A very late reply to HighVista's question about the acuracy of my Aerospace. It is running well within the 15 seconds a year spec given in the book. In fact, it is just over a second fast versus the Chronomaster, which is less than half a second out. This is the last of the three Chronomasters I have owned and the only one I sent back to its father in Japan. Since the Chronomaster can't be adjusted except in Japan and the Breitling apparently can (though so far there appears to be no need) it's just as well that the Citizen doesn't require that attention.
I have pretty well come to terms with a technique for closing and opening the clasp on the Breitling, but since I only take it off and put it on once every couple of days, any difficulties ae not too important. Still not nearly as easy or convenient as the Citizen.
You commented on the slippery slope of collecting HEQs........ I have concluded that, for my purposes at least, the GS do not qualify since none of them have perpetual calendars or individually adjustable hour hands. I don't mean to try to set HEQ standards for anyone else, or to disagree with anyone else's criteria, but those are my requirements. It's a shame because, in many ways I prefer the simpler, less ostentatious look of the GS and the Chronomaster to that of the Breitling.


----------



## Cobalt (Jan 27, 2008)

Hey Highvista - in your post you say that "the Colt is no match for the Exceed and its fly-by-wire precision." Now that you've been living with the Colt for a while, I was wondering if you could give a bit more info as to how the Colt stacks up against the Exceed. I own the Colt (and I love it), and I'm thinking of grabbing an Exceed (I like its styling and accuracy), so any info is appreciated. Also, anyone else should feel free to throw in their own $.02. Thanks! ~TJ


----------



## Torrid (May 20, 2007)

I like the Colt. I love the fact that the Breitling that all the quartz are thermocomp. I wasn't much of a fan of Breitling until I learned this as I'm not sure that I want another auto and to spend this kind of money, it definitely should be HEQ. I love the blue dial with the matching rubber strap, but I haven't seen pictures other than stock photos of that one. Maybe I'd be able to see that one in person at an AD.


----------



## highvista (Feb 19, 2008)

Cobalt said:


> Hey Highvista - in your post you say that "the Colt is no match for the Exceed and its fly-by-wire precision." Now that you've been living with the Colt for a while, I was wondering if you could give a bit more info as to how the Colt stacks up against the Exceed. I own the Colt (and I love it), and I'm thinking of grabbing an Exceed (I like its styling and accuracy), so any info is appreciated. Also, anyone else should feel free to throw in their own $.02. Thanks! ~TJ


Hey there! Sorry for the delayed response. I used to be a bit more active on the forum, but I've gone back to school and haven't had as much time to visit as in the past.

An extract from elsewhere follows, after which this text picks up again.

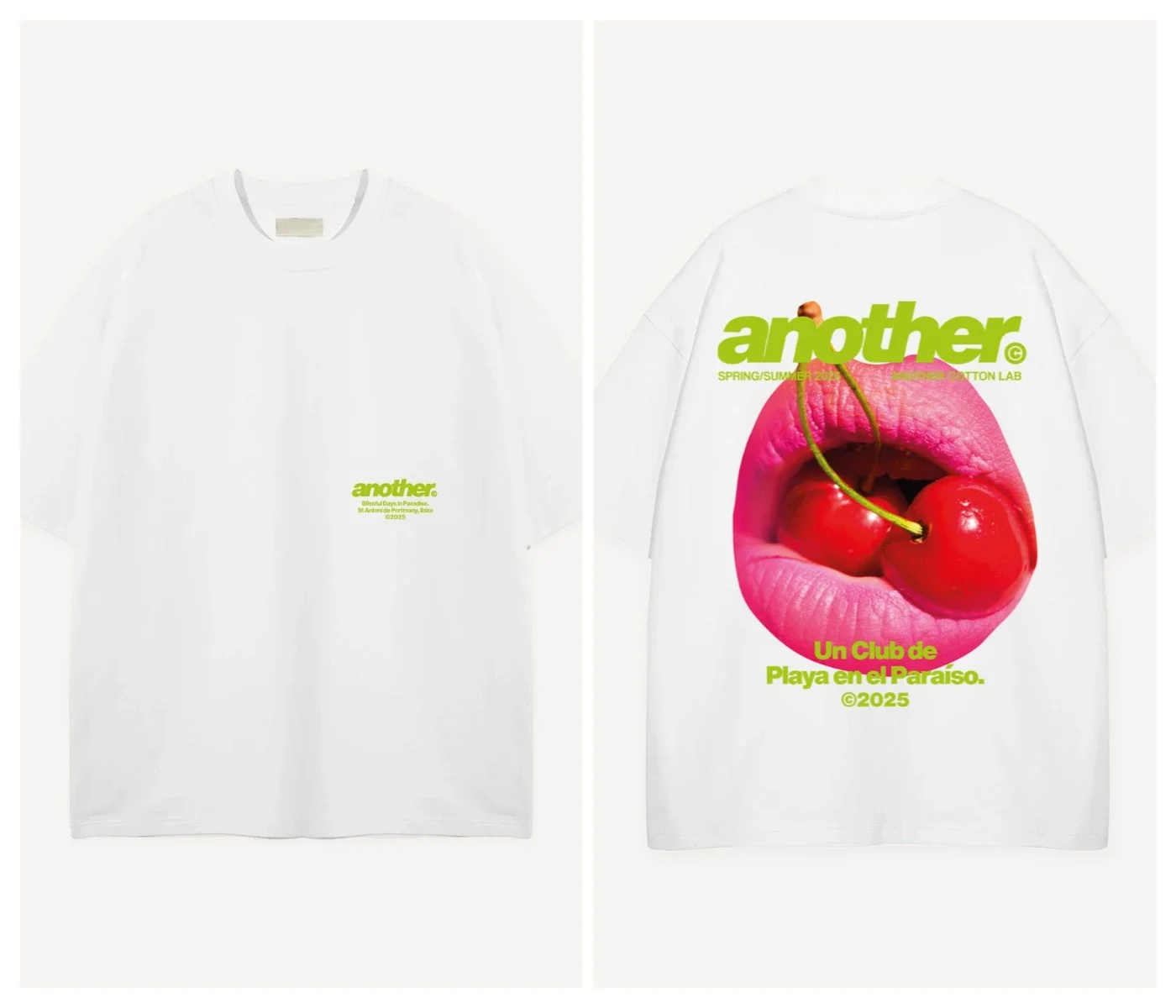 Streetwear Oversized Top Y2K Unisex Nieuwe Trend Print Katoen Ronde Hals Korte Mouw Mode Casual Losse T-shirts Mode Tops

I still love both the Colt and the Exceed. I'd definitely recommend getting the Exceed for your collection, just because of its unique capabilities and because it's no longer being made and will become increasingly hard to come by.

Actually, I've been neglecting both the Colt and Exceed for my 80's vintage Omega Seamaster Pro 200M with the caliber 1441 movement. I've adjusted it to the point that, by alternating between wearing it to bed some nights and leaving it off-wrist on others, I can keep it spot on, without any loss or gain at all. Neither my Colt or Exceed can match that.

Good luck deciding on the Exceed!


----------



## STEVIE (May 13, 2006)

Very nice timepiece Highvista. Wear it in good health. I am looking to buy one as well, but haven't made up my mind between it and the Aerospace and the Air Wolf. The Aerospace is only about a 10BAR watch and this is a bit off putting for my needs.

Can anyone here give me a lume report on the Colt Quartz? Better still a photo?:-!

Cheers


----------



## Cobalt (Jan 27, 2008)

Beautiful watch. Well done. 

I own the same watch, except mine has the cream colored face. This seems to be the least popular of the 3 colors available (blue, black, cream), but I just have a thing for light-colored dials on watches. I don't know why. Also, the cream colored dial appealed to me as strikingly different from my blue Bond Omega SMP (another beauty).

The blue Bond is the one that started all the trouble (it was a birthday present to myself on a birthday that ended with a "0"), and the BCQ is the 2nd watch I bought. Although I was quite the novice at the time, I made 2 excellent choices. Which is quite unlike me.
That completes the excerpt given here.